In the December edition of Costco Connection, a publication of Costco Wholesale, the lead article, “A Festive Season,” compares Christmas to Hanukkah and Kwanzaa in a way that is downright insulting.
Written by Tim Talevich, the editorial director of the magazine, he offers a 111-word account of Hanukkah, a 38-word statement about Christmas and a 43-word summary of Kwanzaa. This alone would not mean much, but when we read what he says about the three holidays, it takes on more significance.
What Talevich says about Hanukkah and Kwanzaa is accurate and nicely done. But when it comes to Christmas, he resorts to editorializing, and in a way that is not endearing to Christians. We are told that December 25 is “likely not his [Jesus’] birthday” and that the “early Christians didn’t even celebrate Christmas.” He closes by saying “it’s a popular secular and religious event around the world.”
There is a big difference between these three holidays. Hanukkah is a minor holiday in the Jewish tradition, one that is not mandated by the Torah the way other Jewish holidays are (e.g., Yom Kippur). Christmas is a major holiday for Christians. Kwanzaa was made up out of whole cloth in 1966 by an ex-con who served four years in prison—five years after he founded Kwanzaa—for beating and torturing two women.
It may be that December 25 is not the actual birthday of Jesus. So what? Why be pedantic about it? That’s when it is celebrated. We declared our independence from England on July 2, 1776, yet we celebrate the Declaration on July 4. Moreover, if Talevich is quick to doubt the birth date of Jesus, why did he write with certainty about the Maccabees in the second century B.C.?
The first evidence of celebrating Christmas is around A.D. 200. What does this mean to the average Christian? Nothing. Lots of celebratory events in history evolved over time, for all sorts of reasons. So what is the point that Talevich wants to make?

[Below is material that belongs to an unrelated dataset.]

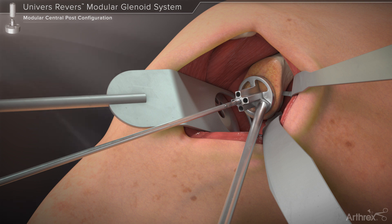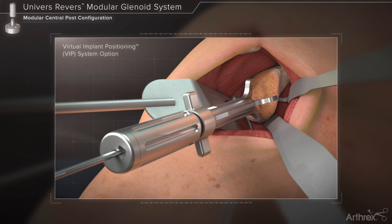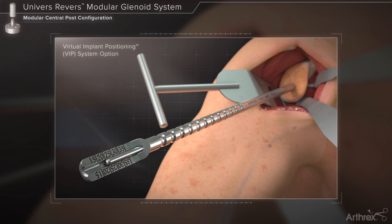A determination of the central post length can be made by noting the laser markings on the pin shaft. Alternatively, those using the virtual implant positioning system may orient the guide wire using the VIP glenoid targeter for enhanced accuracy. Measurement of the guide wire depth in the glenoid as it relates to central post or screw length may be determined through the use of the guide wire depth gauge.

Any cultural observer worth his salt knows the game that is being played here. In keeping with the cultural mantra about inclusion and diversity—which are clearly political constructs—he seeks to elevate any day in December that could possibly compete with Christmas. That is why he even finds time to mention the winter solstice on December 21, National Ugly Sweater Day on December 17, and Festivus on December 23.
Talevich is not alone in diluting the importance of Christmas. Secularists can’t cancel it, though many have tried, but they can create faux competition with it. Those who think this is an overreaction need to ask themselves how African Americans would react if we turned February into Diversity Month, celebrating our multicultural heritage. What would this do to the significance of Black History Month?
Talevich ends by saying, “Costco’s role in all this? We’re here with food, gifts and just about anything else you might need to fully celebrate December’s holidays.”
He is being disingenuous. Without Christmas, Costco’s cash registers wouldn’t ring so loudly. The food and gifts they sell are overwhelmingly Christmas gifts, and everyone knows it.
Recognizing all legitimate holidays is a good thing, but treating a major religious holiday as if it were inauthentic is offensive. This wouldn’t matter if Costco had a lousy reputation. And it wouldn’t matter if Talevich were a low-level employee. But neither is true. Which is why it matters.